The most expensive way to begin a response is from nothing. No stock in the region, no agreement with a local partner already in place, no map of who decides what, no team that has worked together before. Everything has to be found, negotiated, and stood up while the clock is already running and people are already waiting. We do this often, and then we describe the delay that follows as the unavoidable nature of emergencies. Much of it is not unavoidable. It is the cost of having chosen, in advance, not to be ready.
Readiness is the work we do before the work. It is supplies positioned close to where they will be needed. It is contracts and partnerships agreed while there is time to read them properly. It is teams that have trained together and know the plan. It is the dull, unglamorous infrastructure that means the first day of a crisis is a day of acting rather than a day of starting from scratch. When it is in place, no one notices it, because the response simply moves. When it is missing, we feel it as a slow, costly, painful beginning, and we rarely trace the pain back to its real cause.

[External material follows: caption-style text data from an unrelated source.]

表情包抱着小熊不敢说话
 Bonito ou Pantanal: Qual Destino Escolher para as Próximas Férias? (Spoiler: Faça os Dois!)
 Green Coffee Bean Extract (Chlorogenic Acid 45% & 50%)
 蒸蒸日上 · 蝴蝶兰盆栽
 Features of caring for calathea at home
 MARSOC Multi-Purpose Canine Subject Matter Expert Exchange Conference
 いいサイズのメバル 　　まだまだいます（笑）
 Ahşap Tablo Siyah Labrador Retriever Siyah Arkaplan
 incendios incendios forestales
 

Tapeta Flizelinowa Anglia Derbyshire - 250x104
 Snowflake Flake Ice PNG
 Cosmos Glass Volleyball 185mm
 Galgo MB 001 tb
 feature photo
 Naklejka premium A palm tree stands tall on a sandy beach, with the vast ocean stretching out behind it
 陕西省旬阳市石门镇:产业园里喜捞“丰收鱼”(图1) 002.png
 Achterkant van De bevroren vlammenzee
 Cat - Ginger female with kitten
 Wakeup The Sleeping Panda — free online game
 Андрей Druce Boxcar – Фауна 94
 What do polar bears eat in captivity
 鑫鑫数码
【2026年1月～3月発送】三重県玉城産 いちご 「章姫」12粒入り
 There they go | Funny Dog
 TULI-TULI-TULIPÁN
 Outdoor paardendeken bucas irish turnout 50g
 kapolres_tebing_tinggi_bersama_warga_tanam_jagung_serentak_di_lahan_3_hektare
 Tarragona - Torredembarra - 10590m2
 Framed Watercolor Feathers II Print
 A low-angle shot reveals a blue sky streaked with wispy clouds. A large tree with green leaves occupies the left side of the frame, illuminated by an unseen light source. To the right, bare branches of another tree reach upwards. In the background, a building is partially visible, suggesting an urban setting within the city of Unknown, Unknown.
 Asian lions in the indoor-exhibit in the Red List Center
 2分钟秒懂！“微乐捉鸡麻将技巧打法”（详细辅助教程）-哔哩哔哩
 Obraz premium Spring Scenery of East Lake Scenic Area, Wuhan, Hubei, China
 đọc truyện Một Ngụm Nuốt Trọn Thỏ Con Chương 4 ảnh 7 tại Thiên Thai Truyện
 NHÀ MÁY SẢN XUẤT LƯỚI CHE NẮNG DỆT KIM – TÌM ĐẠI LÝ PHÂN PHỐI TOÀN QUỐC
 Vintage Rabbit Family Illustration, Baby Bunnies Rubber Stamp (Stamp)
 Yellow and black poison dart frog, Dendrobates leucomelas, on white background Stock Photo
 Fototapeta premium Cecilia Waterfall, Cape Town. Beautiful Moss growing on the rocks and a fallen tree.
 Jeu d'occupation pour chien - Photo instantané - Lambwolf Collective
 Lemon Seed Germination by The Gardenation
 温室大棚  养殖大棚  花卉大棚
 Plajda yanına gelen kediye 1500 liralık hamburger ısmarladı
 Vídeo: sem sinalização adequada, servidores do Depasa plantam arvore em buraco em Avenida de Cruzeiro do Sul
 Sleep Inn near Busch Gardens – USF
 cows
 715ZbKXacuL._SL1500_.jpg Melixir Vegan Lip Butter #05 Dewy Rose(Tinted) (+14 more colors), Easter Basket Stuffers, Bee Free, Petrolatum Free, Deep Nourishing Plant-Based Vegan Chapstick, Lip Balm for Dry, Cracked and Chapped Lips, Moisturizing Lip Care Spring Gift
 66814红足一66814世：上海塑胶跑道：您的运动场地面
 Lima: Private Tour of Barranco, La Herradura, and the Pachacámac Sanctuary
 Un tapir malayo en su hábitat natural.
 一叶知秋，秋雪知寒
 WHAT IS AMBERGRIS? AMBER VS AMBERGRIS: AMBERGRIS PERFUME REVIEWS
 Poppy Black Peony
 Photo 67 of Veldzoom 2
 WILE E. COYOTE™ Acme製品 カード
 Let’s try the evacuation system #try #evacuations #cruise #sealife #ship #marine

This is not a story about negligence. The people who run responses know exactly how valuable readiness is. The problem is that the system finds it almost impossible to pay for, and that is a structural problem, which means it is one we can fix.
Why we underfund being ready
Money in this sector tends to arrive after the crisis is visible, attached to the crisis we can see. Readiness, by definition, is spent before that moment, on a shock that has not happened yet and might happen somewhere slightly different. On a budget it looks like cost with no event attached. So it loses, quietly and repeatedly, to the response that is already on the news. We fund the fire and starve the fire prevention, and then we are surprised, every time, that we are starting cold.
The cost of starting cold is real even though it never appears as a line item. It shows up as the weeks between a need being obvious and aid actually moving. It shows up as the premium we pay to buy and ship in a hurry what we could have positioned cheaply in advance. It shows up as the partnerships negotiated under pressure, on worse terms, with less care, because there was no time to do better. None of that is recorded as waste. It is recorded as the normal friction of an emergency, which is exactly why it never gets fixed.
The cheapest hour in any response is the one we spend before the crisis begins. We keep choosing not to buy it, then paying many times over for the cold start that follows.
Funding the work before the work
The fix is to treat readiness as a real stage of the response, with its own funding and its own evidence, rather than as a hope that someone, somewhere, prepared. A few moves make it concrete.
Pay for readiness as a named investment. Pre-positioned supplies, standing agreements, and trained teams should sit in the budget as deliberate spending, not be scavenged from the margins of a response grant. The people who fund this work have a direct interest here, because preparation bought in calm is far cheaper than the same capacity bought in panic, and it arrives faster when it counts.
Count the cost of starting cold. If we can estimate the days lost and the premium paid when a response begins from nothing, we can set that figure beside the modest cost of being ready. What gets counted gets defended, and right now the cost of unreadiness is invisible precisely because no one is asked to total it.
Keep readiness with the people who will use it. Stock and standing agreements held close to where crises recur, in the hands of local actors who are already there, beat capacity flown in from far away after the fact. Readiness that lives near the need is readiness that is actually ready.
Fund preparation between the crises, not only during them. The quiet period after one shock and before the next is when readiness is cheapest to build and easiest to ignore. Protecting a steady, modest investment across that lull, rather than letting attention and money drain away the moment the headlines move on, is what turns readiness from an intention into a capability.
None of this asks for a larger total budget. It asks us to move some of our spending earlier, to the point where it does the most good for the least cost. A response that begins ready is faster, cheaper, and kinder to the people waiting than one that begins from nothing. We already know this. The task is to build a system that lets us act on what we know.
Readiness is not a luxury we add when budgets are generous. It is the discipline that decides how the first day goes, and the first day is the one the people we serve remember. Buying that hour in advance, together with the funders who share the cost of the cold start, is among the soundest investments the sector can make.